Unincorporated community in the state of Oregon, United States

Wilkesboro is an unincorporated community in Washington County, Oregon, United States. It is located on Oregon Route 6, one mile east of Banks.

Wilkesboro was settled in 1845 by its namesake Peyton G. Wilkes, and platted in 1912. The locale was named about the time United Railways built its interurban line through the area. The post office was established in 1916. In 1915 the town had a population of 50, two churches, a fraternal lodge, a farmer's alliance and a railroad depot. Later there was also a grocery, meat market, blacksmith shop and brickyard, but by 1990 none of these businesses remained. The post office was closed in 1932.

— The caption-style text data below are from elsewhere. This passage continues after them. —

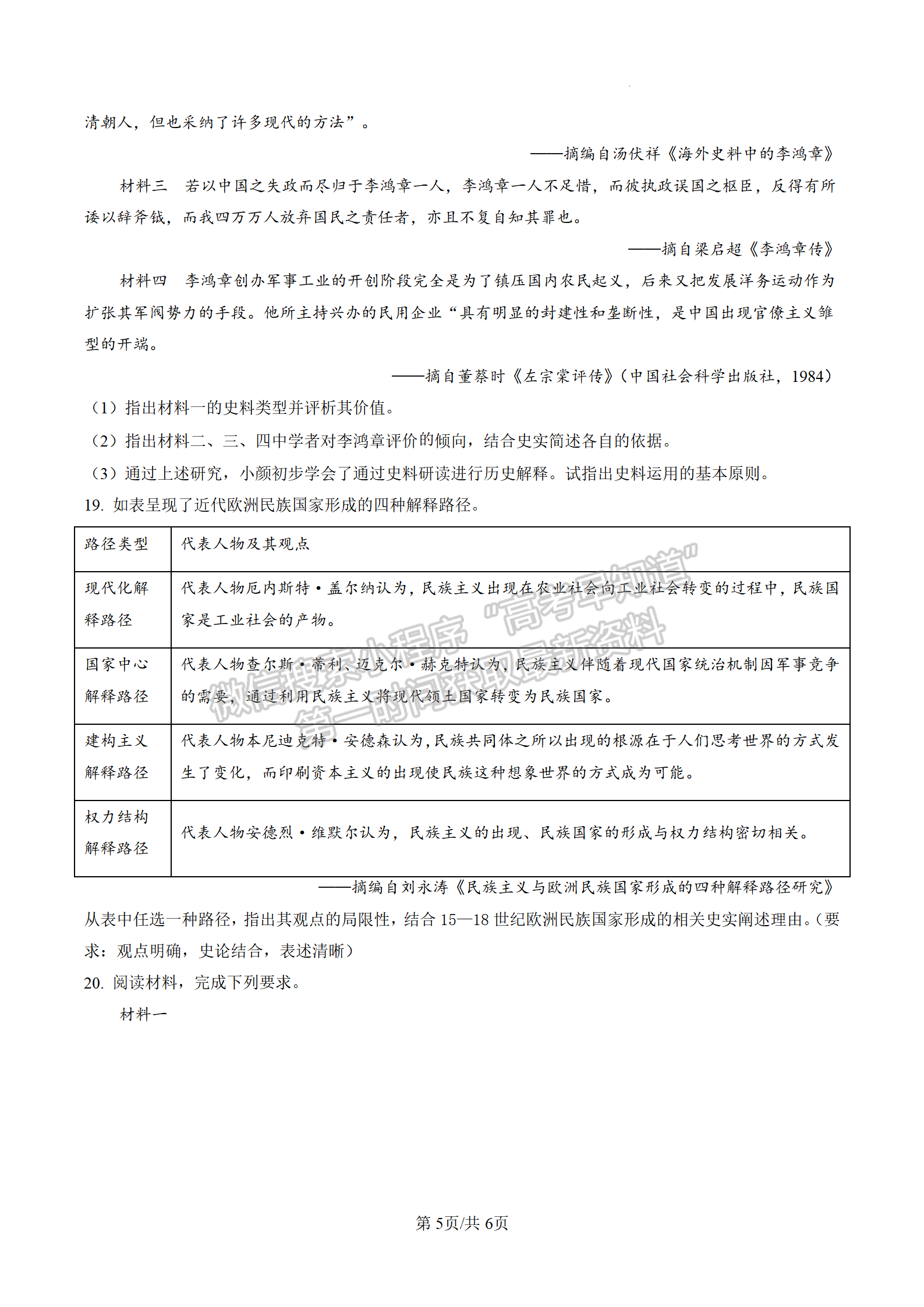 2023屆江蘇省南京、鹽城高三一模歷史試題及答案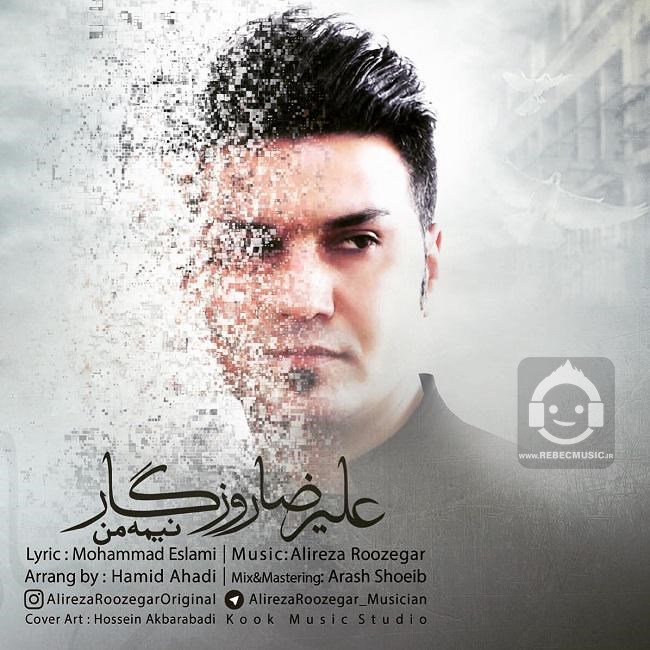 آهنگ نیمه من از علیرضا روزگار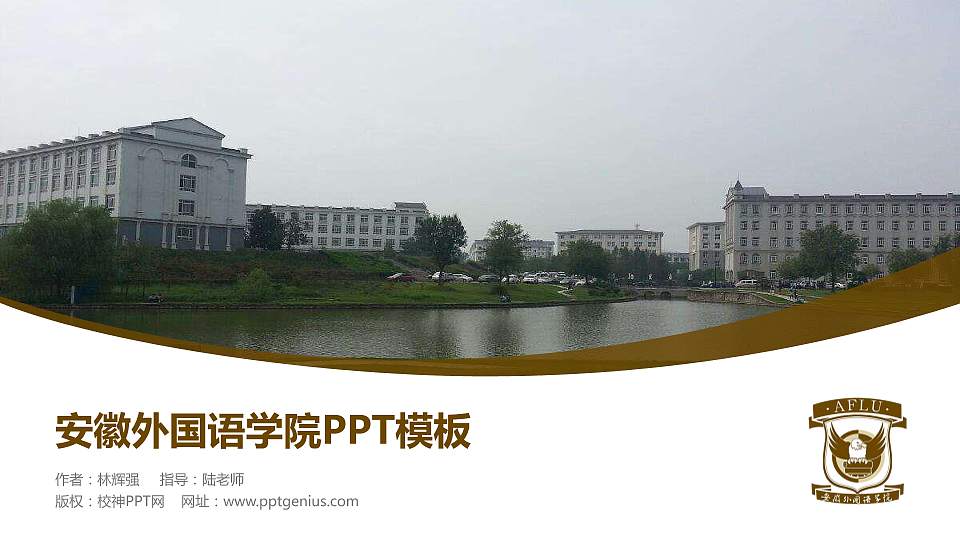 安徽外国语学院毕业论文答辩PPT模板下载16:9格式PPT封面效果预览图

The terminus of the United Railways line was in Wilkesboro, and Gales Creek and Wilson River Railroad (GC&WR) started from this line and ran 12.75 miles to Glenwood. The GC&WR also connected with the Tillamook Branch of the Southern Pacific line in Wilkesboro—that line is now operated by the Portland and Western Railroad via a lease agreement with the Port of Tillamook Bay Railroad. When Oregon Route 6 was extended from Glenwood in 1957, portions of it used the then-abandoned GC&WR grade. The United Railways track was eventually extended to Vernonia but is now abandoned.